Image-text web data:
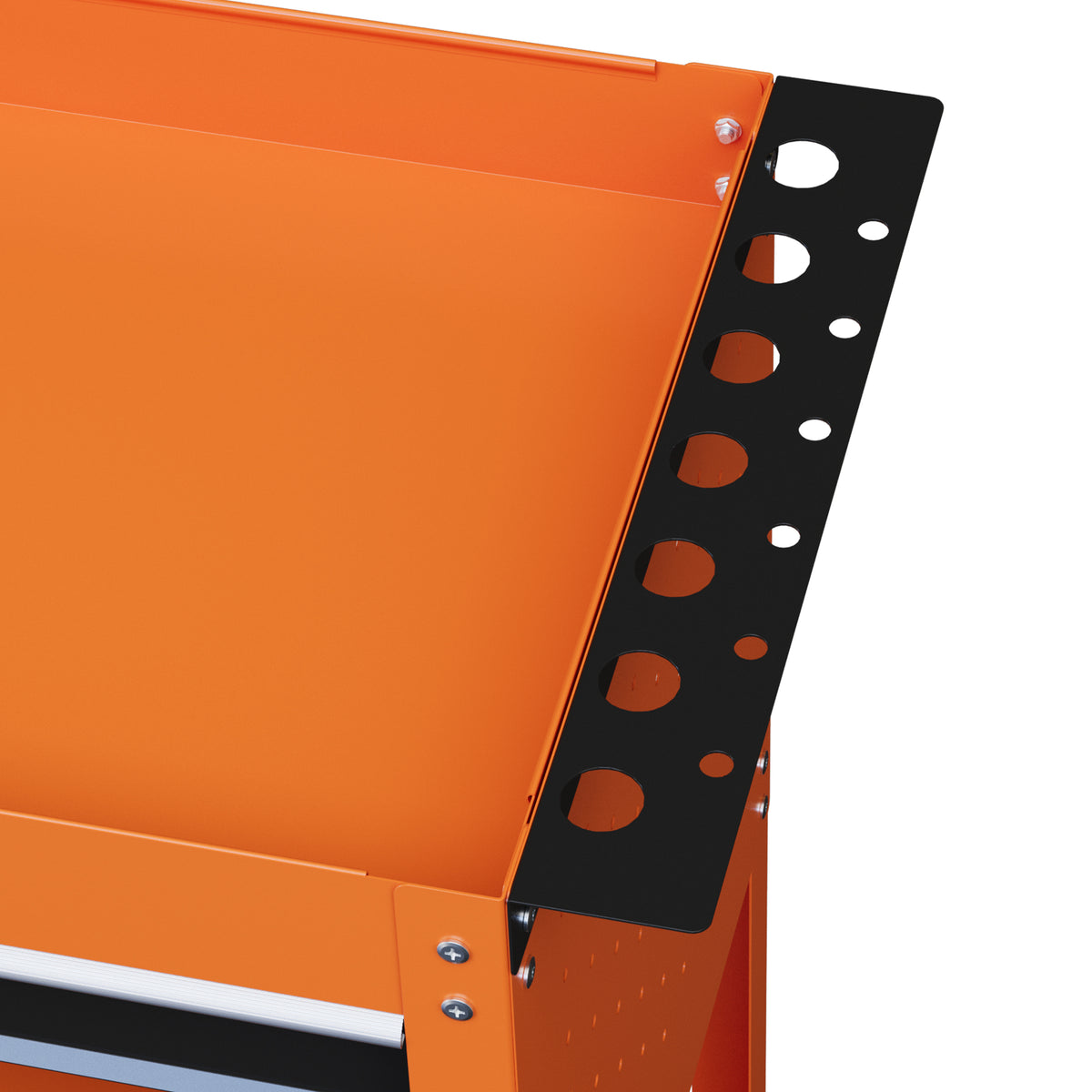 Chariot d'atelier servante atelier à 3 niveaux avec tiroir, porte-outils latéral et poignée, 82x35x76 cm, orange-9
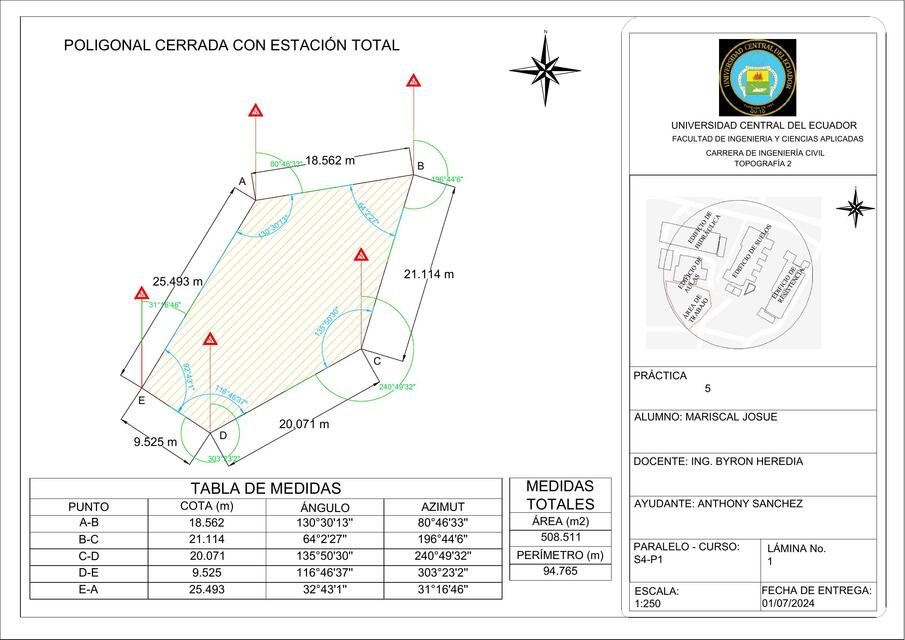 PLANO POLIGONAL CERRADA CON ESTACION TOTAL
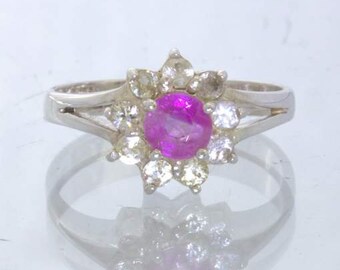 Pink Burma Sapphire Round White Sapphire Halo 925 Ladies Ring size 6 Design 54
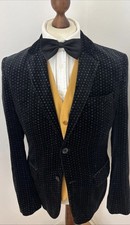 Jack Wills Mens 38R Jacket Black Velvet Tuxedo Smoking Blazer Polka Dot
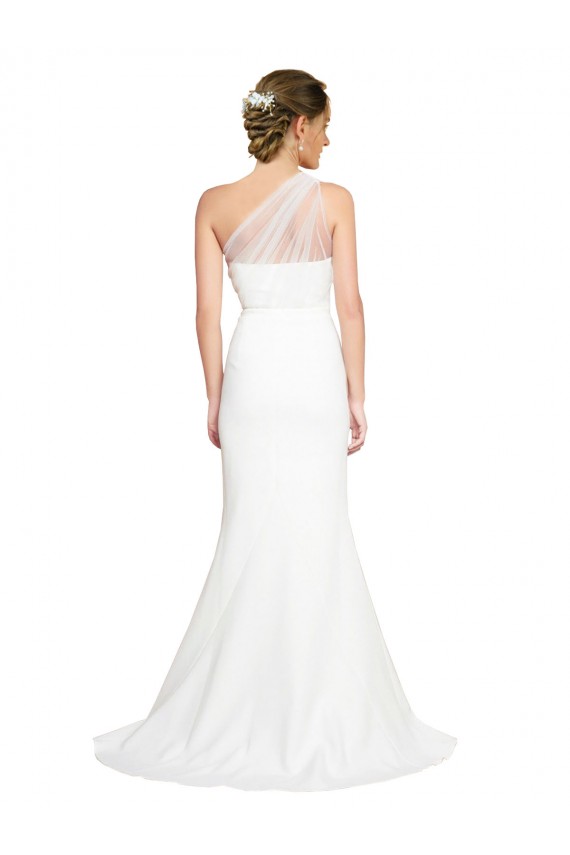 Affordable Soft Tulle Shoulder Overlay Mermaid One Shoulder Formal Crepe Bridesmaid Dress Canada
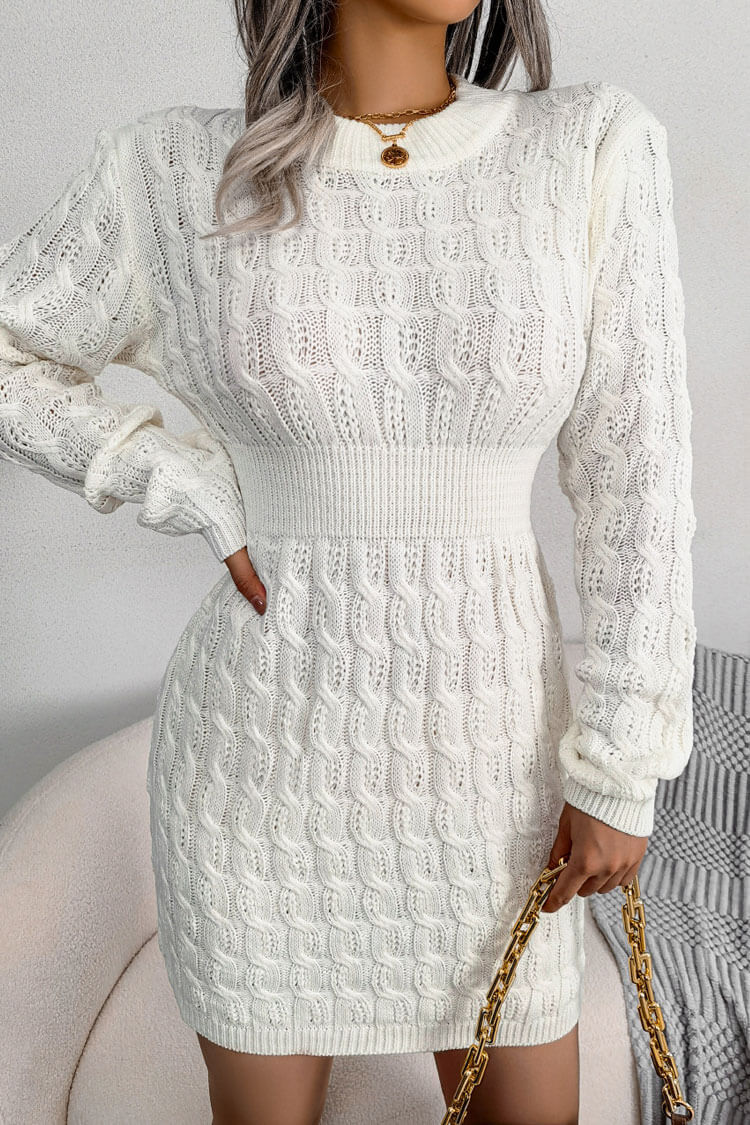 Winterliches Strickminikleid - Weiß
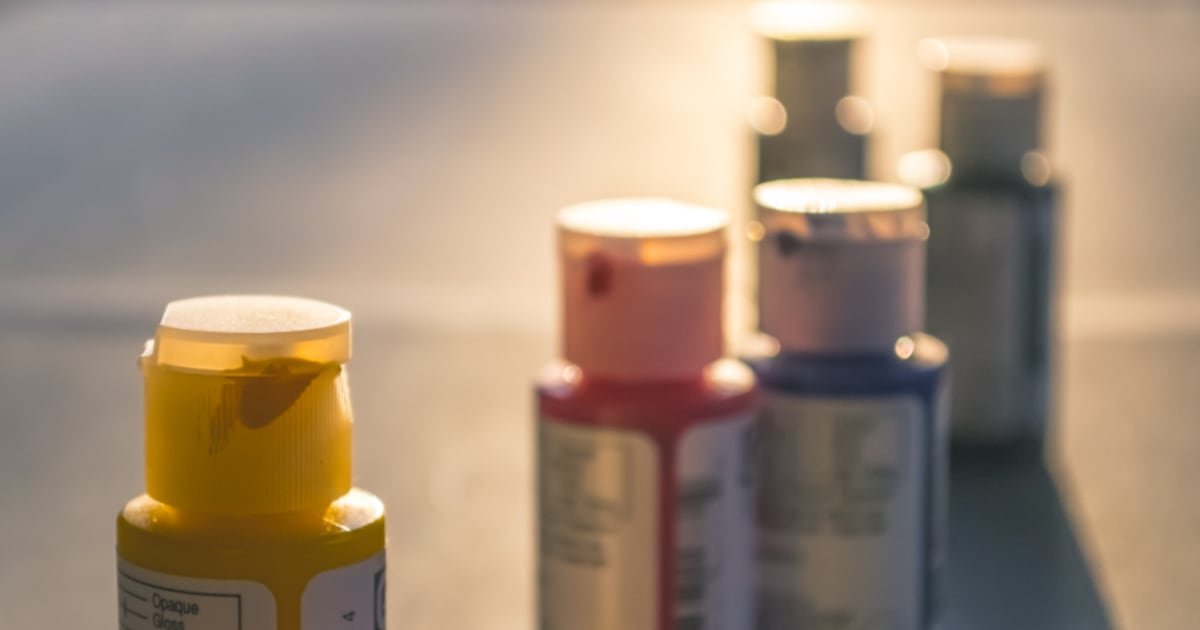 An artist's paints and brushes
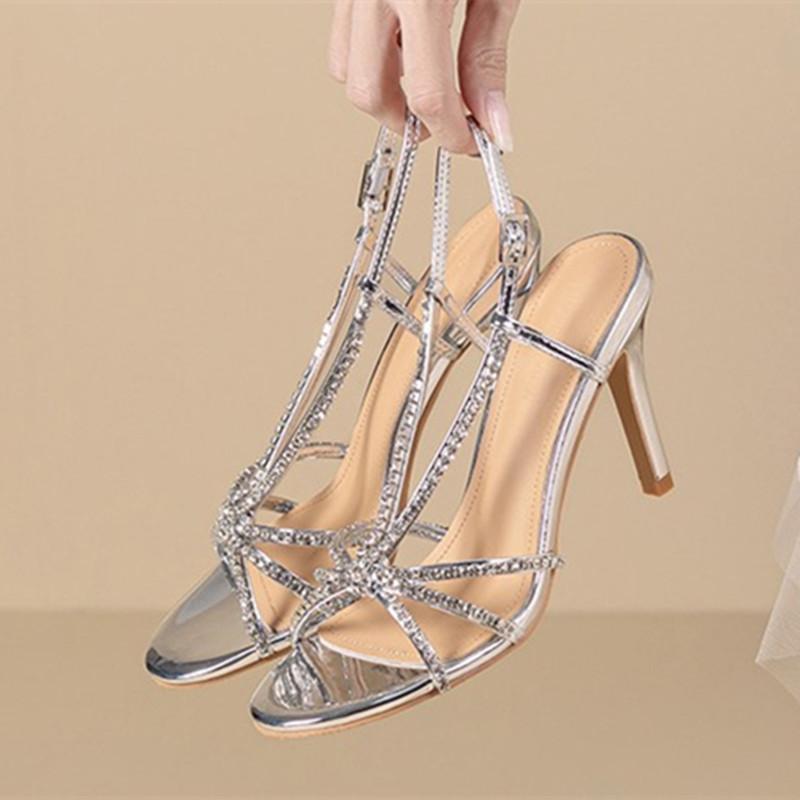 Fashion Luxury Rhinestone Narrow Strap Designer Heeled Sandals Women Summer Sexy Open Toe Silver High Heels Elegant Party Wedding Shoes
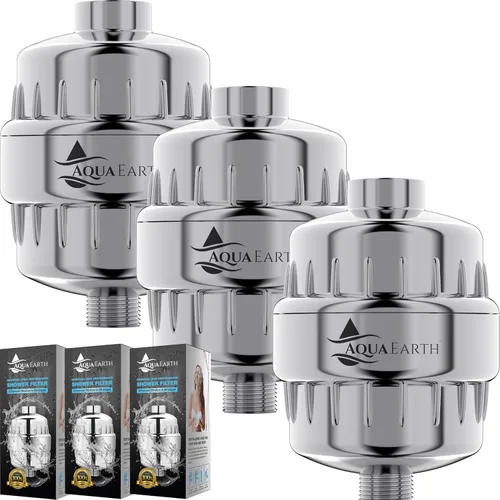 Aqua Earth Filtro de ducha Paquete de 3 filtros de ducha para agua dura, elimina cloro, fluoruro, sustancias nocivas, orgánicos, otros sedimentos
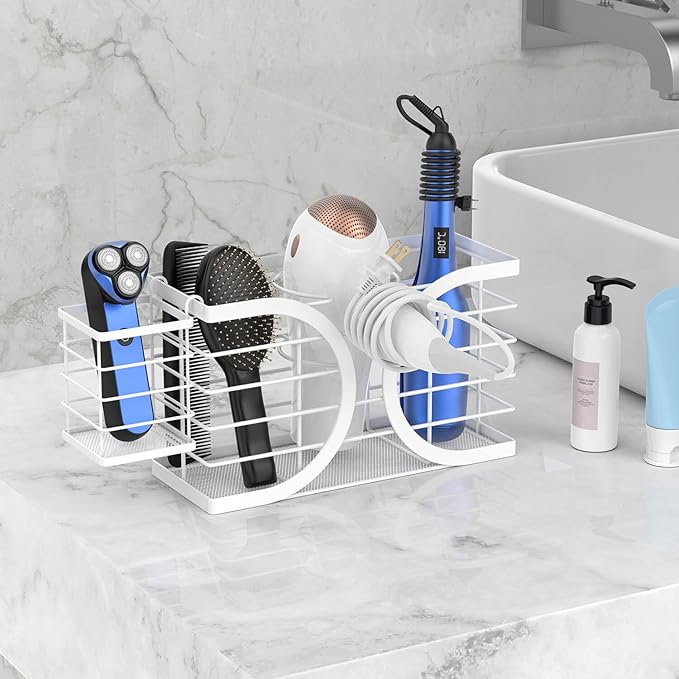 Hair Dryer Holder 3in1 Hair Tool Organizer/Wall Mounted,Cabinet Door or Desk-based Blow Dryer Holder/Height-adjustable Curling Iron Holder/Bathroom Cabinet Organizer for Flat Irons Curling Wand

- WHAT NEEDS TO BE DONE: The output is the stretch above from the line with "PLANO POLIGONAL CERRADA CON ESTACION TOTAL" through the line with "Aqua Earth Filtro", copied word for word with both ends kept and every picture dropped.

- FINISHED TASK:
 PLANO POLIGONAL CERRADA CON ESTACION TOTAL
 Pink Burma Sapphire Round White Sapphire Halo 925 Ladies Ring size 6 Design 54
 Jack Wills Mens 38R Jacket Black Velvet Tuxedo Smoking Blazer Polka Dot
 Affordable Soft Tulle Shoulder Overlay Mermaid One Shoulder Formal Crepe Bridesmaid Dress Canada
 Winterliches Strickminikleid - Weiß
 An artist's paints and brushes
 Fashion Luxury Rhinestone Narrow Strap Designer Heeled Sandals Women Summer Sexy Open Toe Silver High Heels Elegant Party Wedding Shoes
 Aqua Earth Filtro de ducha Paquete de 3 filtros de ducha para agua dura, elimina cloro, fluoruro, sustancias nocivas, orgánicos, otros sedimentos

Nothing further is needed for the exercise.